Paul Cadorette CPC, CPC-H, CPC-P, CEDC, COSC, CASCC -

Editor's Note: This article by Paul Cadorette, director of education for mdStrategies, originally appeared in The Coding Advocate, mdStrategies free monthly newsletter. Sign-up to receive this newsletter by clicking here.

CPT copyright 2008 American Medical Association. All rights reserved. CPT is a registered trademark of the American Medical Association.

One type of labral tear is known as a Bankart lesion. Within the shoulder capsule there are a number of ligaments that act as restraints, reinforcing the shoulder joint holding the humeral head in the glenolabral cup or socket. At the front lower portion of the shoulder (anteroinferior), you will find the inferior glenohumeral ligament. When this ligament fails during a dislocation injury, the humeral head will push down towards the front of the shoulder tearing the labrum resulting in a Bankart lesion. Typical symptoms of a Bankart lesion include joint instability or repeat dislocations with a popping sound and/or mechanical catching within the joint. Repair of a Bankart lesion can be accomplished by either an open procedure or arthroscopic technique.

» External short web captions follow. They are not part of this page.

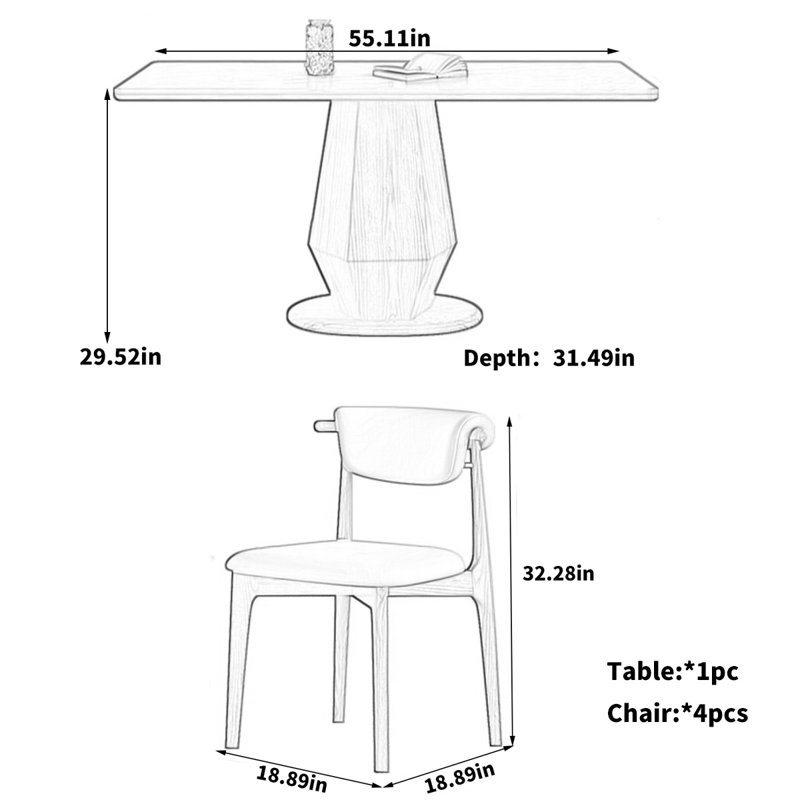 Ensemble de salle à manger rectangulaire 55,25 po x l 31,49 po 55 po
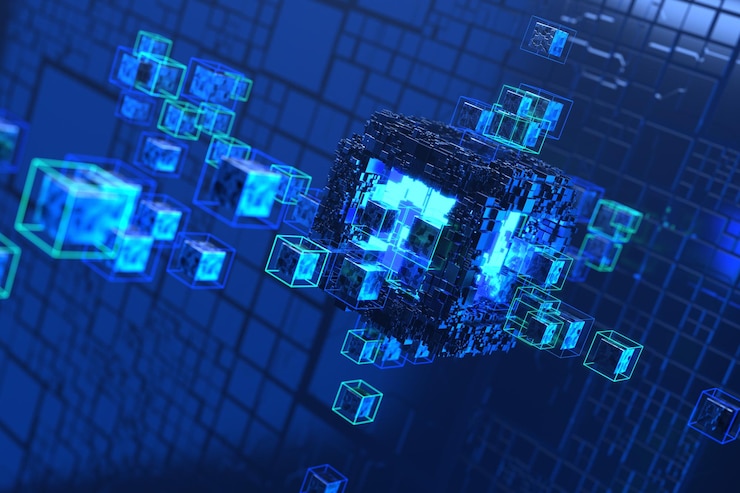 Foto fondo de forma de cubos futuristas abstractos concepto de tecnología blockchain big data fondo abstracto de cubos 3d render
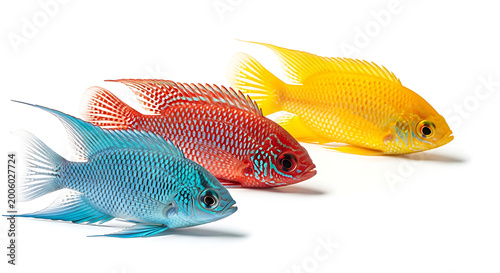 Vibrant Tropical Fish Array on White Background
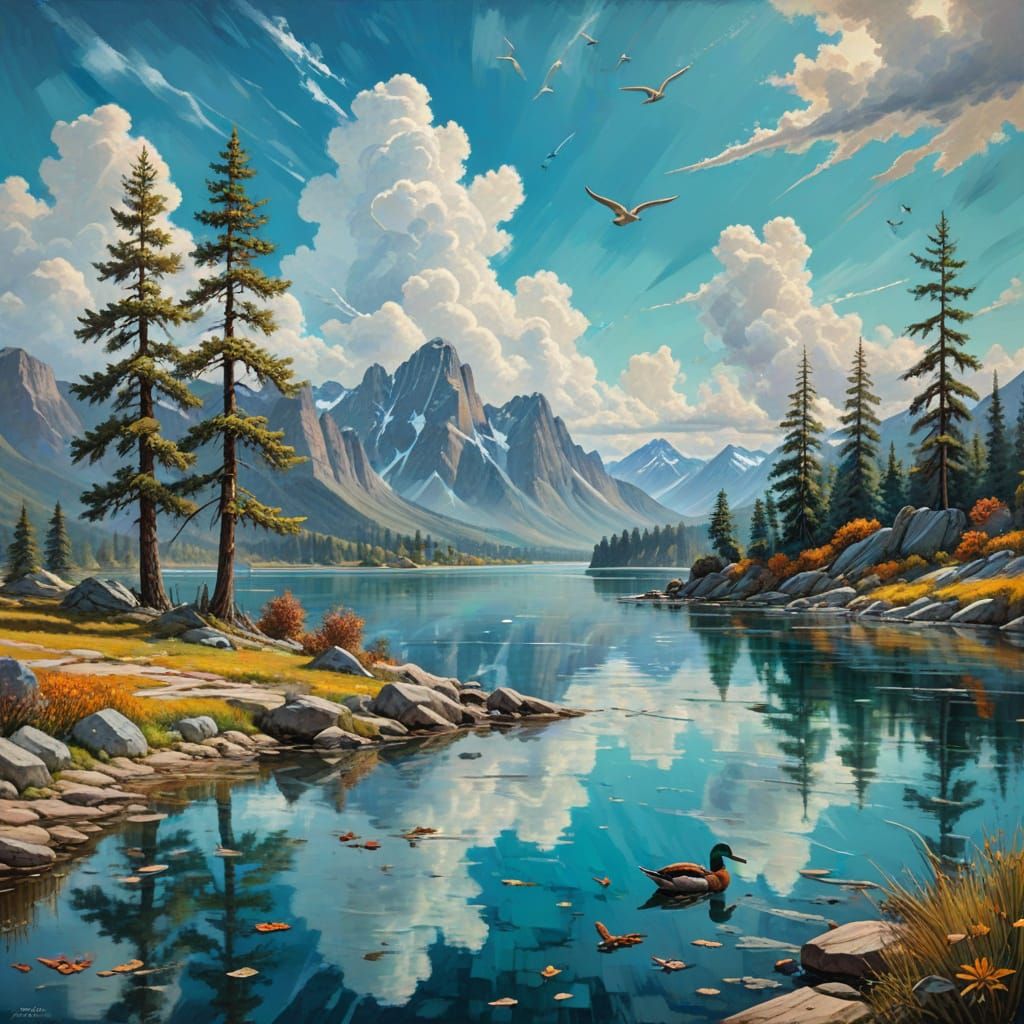 Naïve Folk Art Collage of Lakeside Scene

The CPT codes are as follows:

  • 23455 – Capsulorrhaphy, anterior; with labral repair (Bankart procedure). There are parenthetical notes under this CPT code that instruct a coder to report 29806 for the arthroscopic procedure.
  • 29806 – Arthroscopy, shoulder, surgical; capsulorrhaphy

The information provided should be utilized for educational purposes only. Facilities are ultimately responsible for verifying the reporting policies of individual commercial and MAC/FI carriers prior to claim submissions.